Re: [RFC PATCH v3 12/24] x86/mm: Modify ptep_set_wrprotect and pmdp_set_wrprotect for _PAGE_DIRTY_SW
From: Jann Horn <jannh@google.com>
Date: 2018-08-30 16:24:17
Also in:
linux-api, linux-arch, linux-mm, lkml
On Thu, Aug 30, 2018 at 6:09 PM Dave Hansen [off-list ref] wrote:
On 08/30/2018 08:49 AM, Jann Horn wrote:quoted
quoted
@@ -1203,7 +1203,28 @@ static inline pte_t ptep_get_and_clear_full(struct mm_struct *mm, static inline void ptep_set_wrprotect(struct mm_struct *mm, unsigned long addr, pte_t *ptep) { + pte_t pte; + clear_bit(_PAGE_BIT_RW, (unsigned long *)&ptep->pte); + pte = *ptep; + + /* + * Some processors can start a write, but ending up seeing + * a read-only PTE by the time they get to the Dirty bit. + * In this case, they will set the Dirty bit, leaving a + * read-only, Dirty PTE which looks like a Shadow Stack PTE. + * + * However, this behavior has been improved and will not occur + * on processors supporting Shadow Stacks. Without this + * guarantee, a transition to a non-present PTE and flush the + * TLB would be needed. + * + * When change a writable PTE to read-only and if the PTE has + * _PAGE_DIRTY_HW set, we move that bit to _PAGE_DIRTY_SW so + * that the PTE is not a valid Shadow Stack PTE. + */ + pte = pte_move_flags(pte, _PAGE_DIRTY_HW, _PAGE_DIRTY_SW); + set_pte_at(mm, addr, ptep, pte); }I don't understand why it's okay that you first atomically clear the RW bit, then atomically switch from DIRTY_HW to DIRTY_SW. Doesn't that mean that between the two atomic writes, another core can incorrectly see a shadow stack?Good point. This could result in a spurious shadow-stack fault, or allow a shadow-stack write to the page in the transient state. But, the shadow-stack permissions are more restrictive than what could be in the TLB at this point, so I don't think there's a real security implication here.
How about this:
Three threads (A, B, C) run with the same CR3.

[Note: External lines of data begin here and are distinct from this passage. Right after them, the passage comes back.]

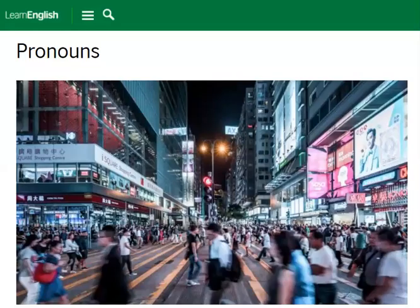Good day, dear students. In today's lesson, we will be covering Oxford Progressive English, page numbers 156, 157, and 158. Our topic is pronouns: reflexive, emphatic, reciprocal, and indefinite.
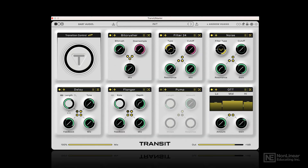Before we start diving into the magic of this plugin by Baby Audio and Andrew Wong, let me first give you a quick rundown of what the interface is all about.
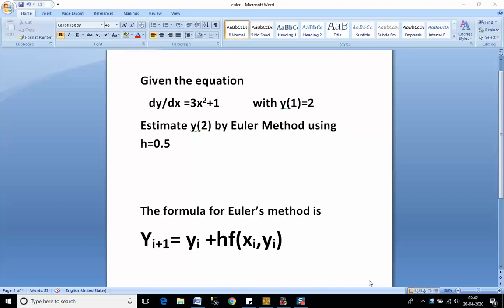Hello students, in today's video we will solve an example of Euler's method using a C program. I have taken an example here: given the equation dy/dx = 3x² + 1 with y(1) = 2, estimate y(2) by Euler's method using h = 0.5.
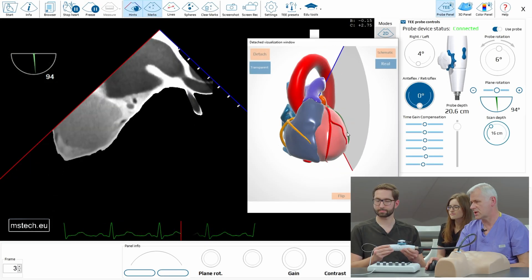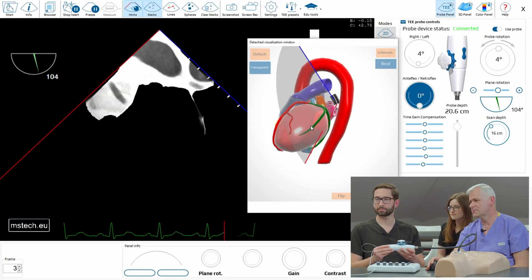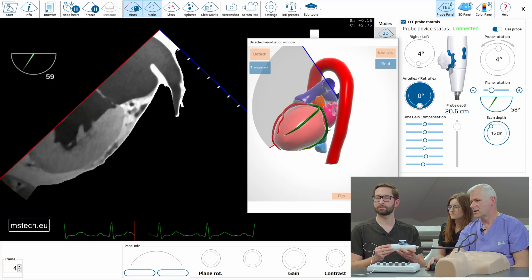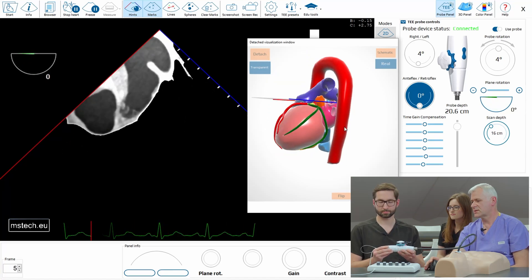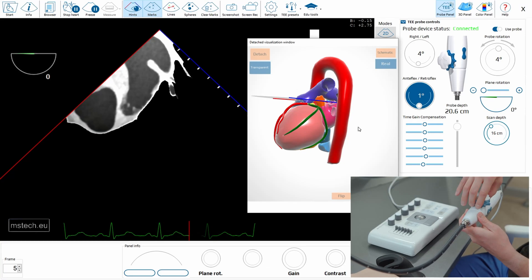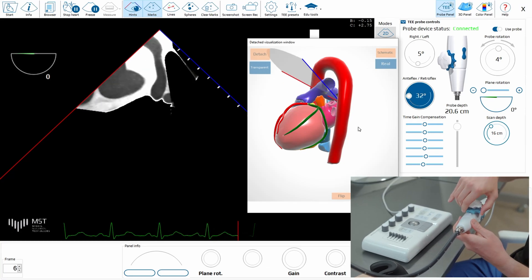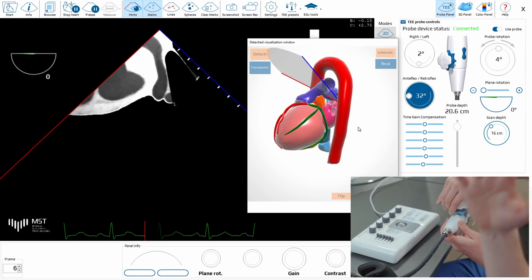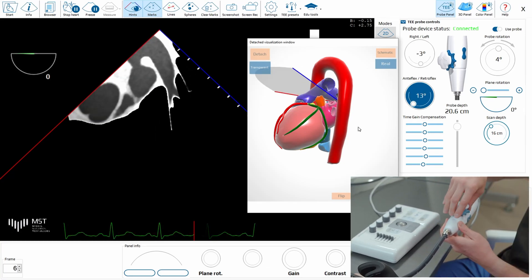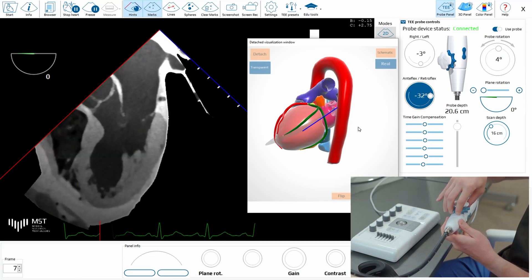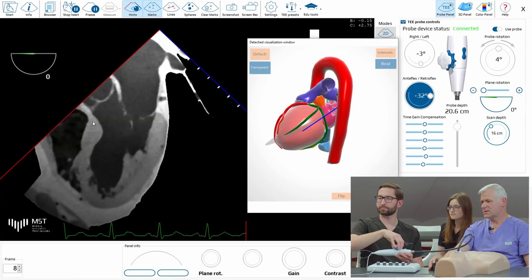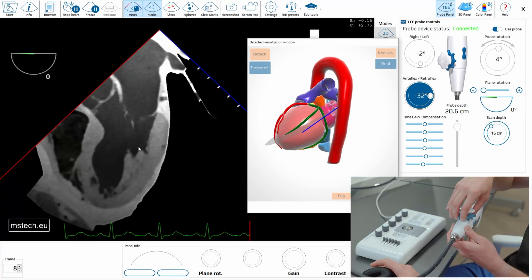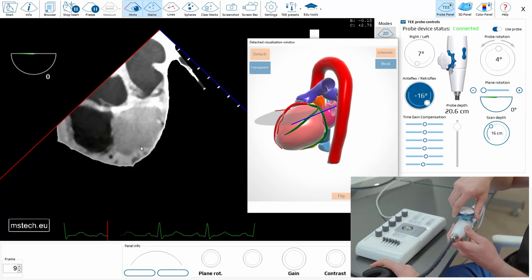Come back to zero and now try to do anteflexion. Anteflexion means the big knob clockwise — the plane is going up. If you do retroflexion, it's going down. And you immediately see the difference in the images that you can see here. So do anteflexion once again.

1. a dirty+writable PTE is placed directly in front of B's shadow stack.
(this can happen, right? or is there a guard page?)

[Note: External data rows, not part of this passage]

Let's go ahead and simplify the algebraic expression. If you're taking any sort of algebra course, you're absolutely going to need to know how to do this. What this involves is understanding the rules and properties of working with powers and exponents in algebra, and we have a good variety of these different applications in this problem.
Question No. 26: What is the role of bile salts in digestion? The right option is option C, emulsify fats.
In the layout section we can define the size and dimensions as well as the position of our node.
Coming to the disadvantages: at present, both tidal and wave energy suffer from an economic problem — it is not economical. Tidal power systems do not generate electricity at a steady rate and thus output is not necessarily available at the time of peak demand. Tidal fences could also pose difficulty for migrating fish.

2. C's TLB caches the dirty+writable PTE.
3. A performs some syscall that triggers ptep_set_wrprotect().
4. A's syscall calls clear_bit().
5. B's TLB caches the transient shadow stack.
[now C has write access to B's transiently-extended shadow stack]
6. B recurses into the transiently-extended shadow stack
7. C overwrites the transiently-extended shadow stack area.
8. B returns through the transiently-extended shadow stack, giving
the attacker instruction pointer control in B.
9. A's syscall broadcasts a TLB flush.
Sure, it's not exactly an easy race and probably requires at least
some black timing magic to exploit, if it's exploitable at all - but
still. This seems suboptimal.
The only trouble is handling the spurious shadow-stack fault. The alternative is to go !Present for a bit, which we would probably just handle fine in the existing page fault code.